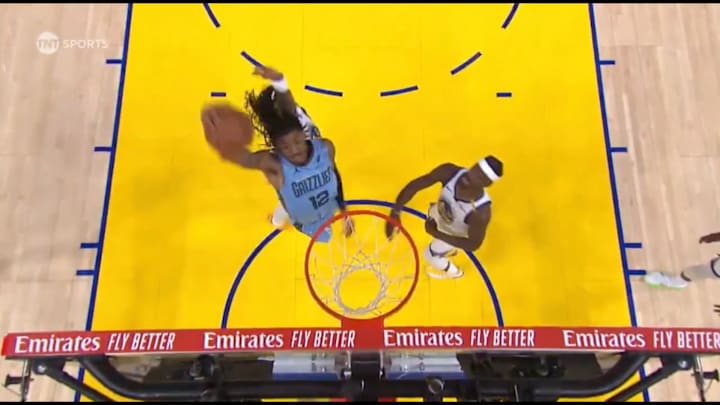 Ja Morant passes to himself off the backboard against the Golden State Warriors.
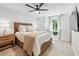 This bedroom boasts a ceiling fan, carpet floors, a wooded bed frame, and a view of outside at 1205 Mcclelen Way, Decatur, GA 30033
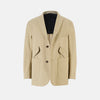View 1 of product Riviera Sand Oversized Blazer in Cotton by Turnbull & Asser UK, featuring two spacious front pockets, a single chest pocket, and a classic notched lapel. Expertly tailored from premium cotton-nylon stretch fabric, this blazer is shown front-facing against a clean white background—an essential piece for achieving effortless sophistication.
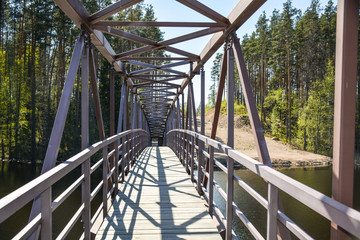 Fototapeta premium Openwork metal bridge to the church on the Vuoksa River, Russia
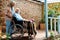 Focus of cheerful senior woman standing near disabled husband in wheelchair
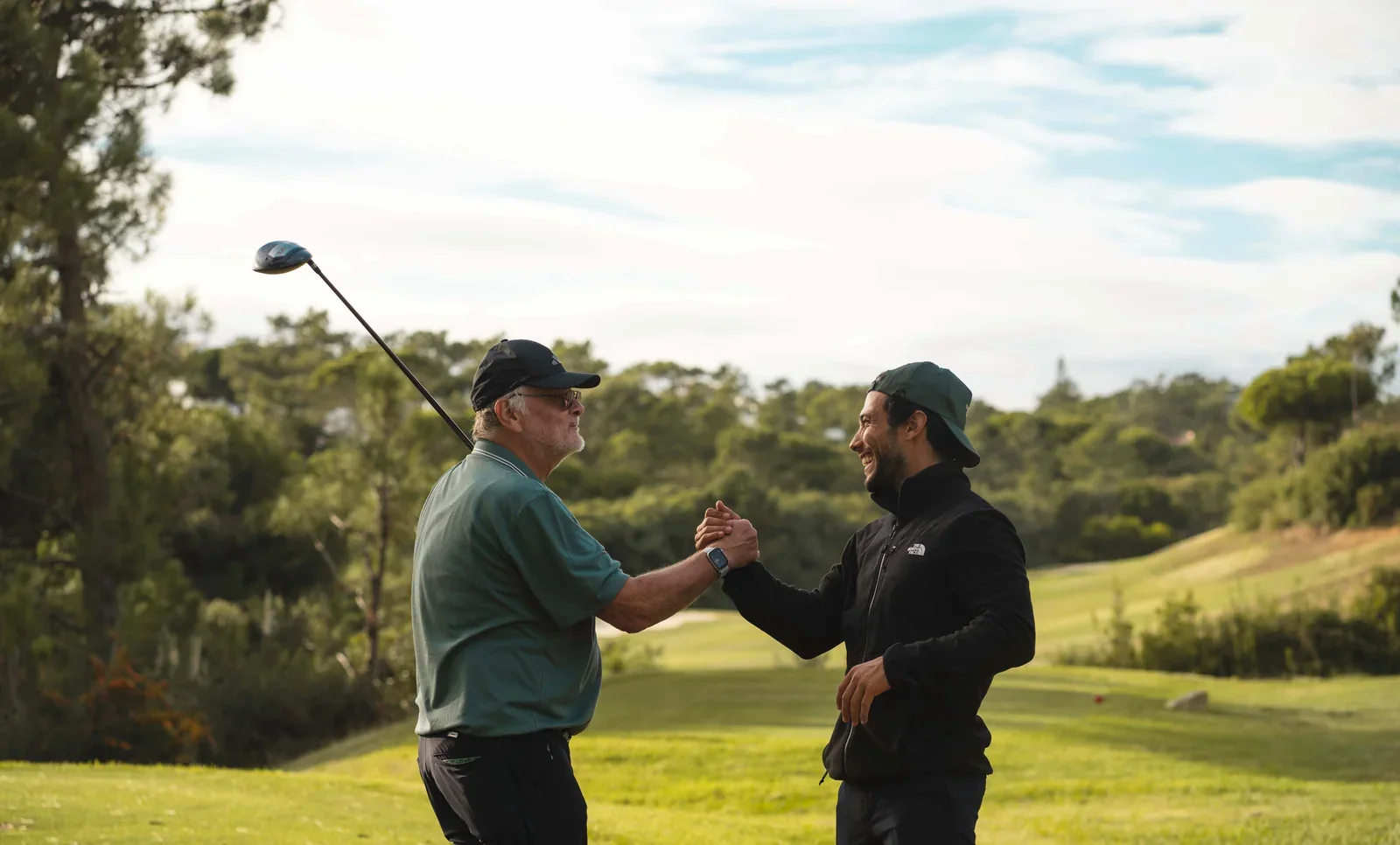 Golfer begrüßen sich herzlich auf dem Fairway, Vamos Golf Golfreise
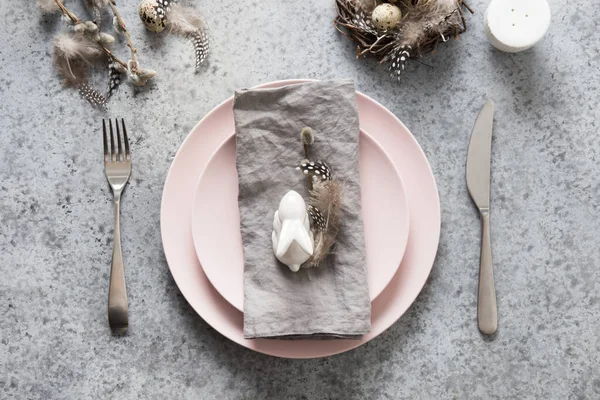 ピンクプレート ウサギと灰色のテーブルの上にウズラの卵とイースターテーブルの設定 エレガンスディナー 最上階だ 水平構成 スペースのコピー — ストック写真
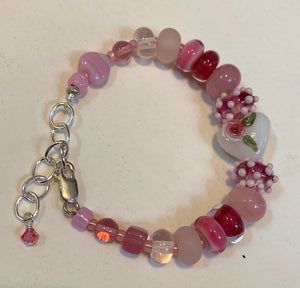 Pink bracelet with heart bead and sterling silver findings, 6 1/2”-8 1/8”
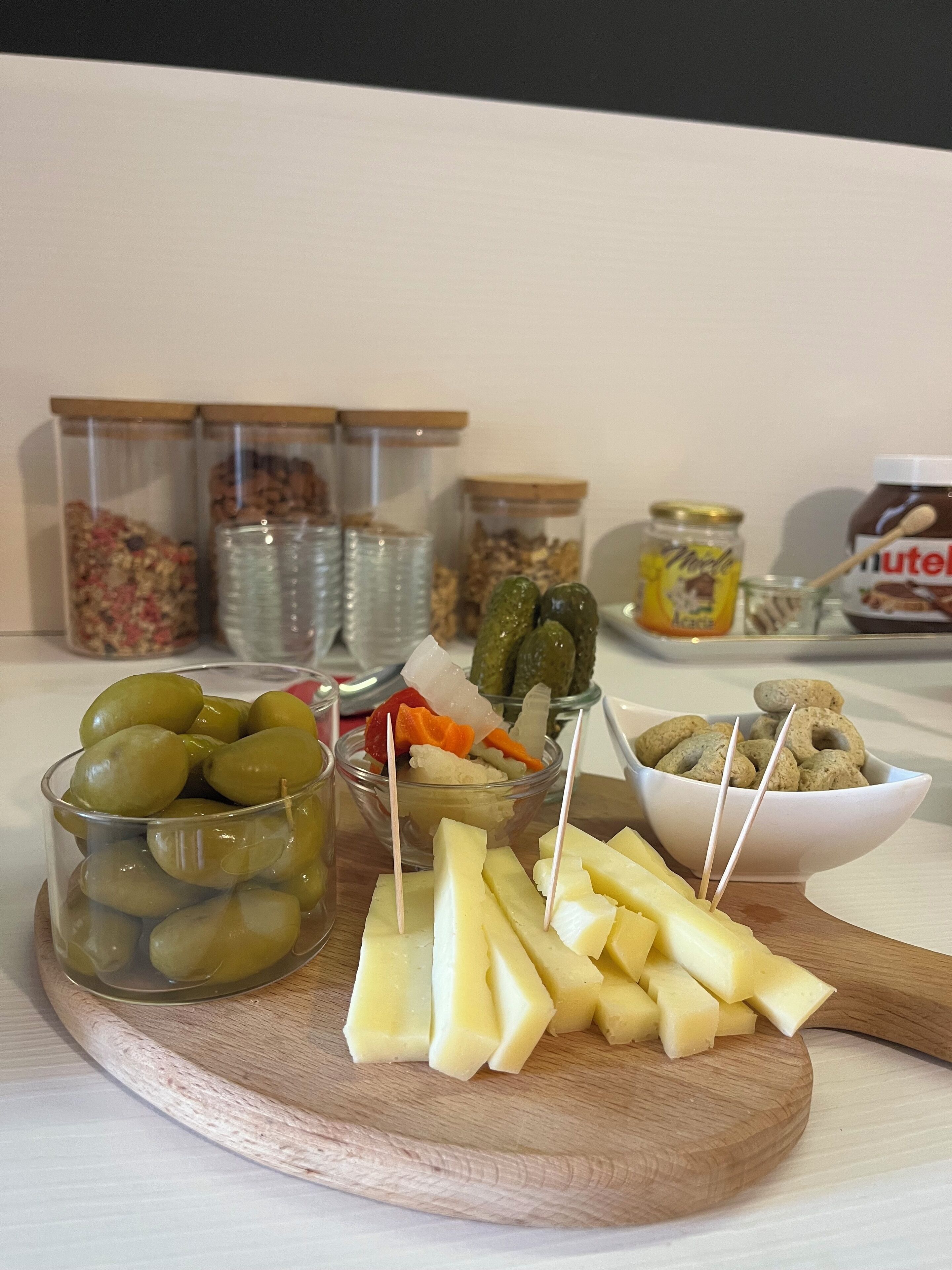 A wooden board with various food items including olives, pickles, cheese, and nuts.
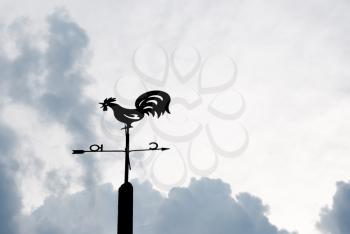 Weather vane against the evening sky and clouds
· · · · ·
Problem to solve: Could you copy, exactly and with no pictures, each line from the first one above to the line holding "This bedroom boasts"?

Result of the task:
 Ja Morant passes to himself off the backboard against the Golden State Warriors.
 This bedroom boasts a ceiling fan, carpet floors, a wooded bed frame, and a view of outside at 1205 Mcclelen Way, Decatur, GA 30033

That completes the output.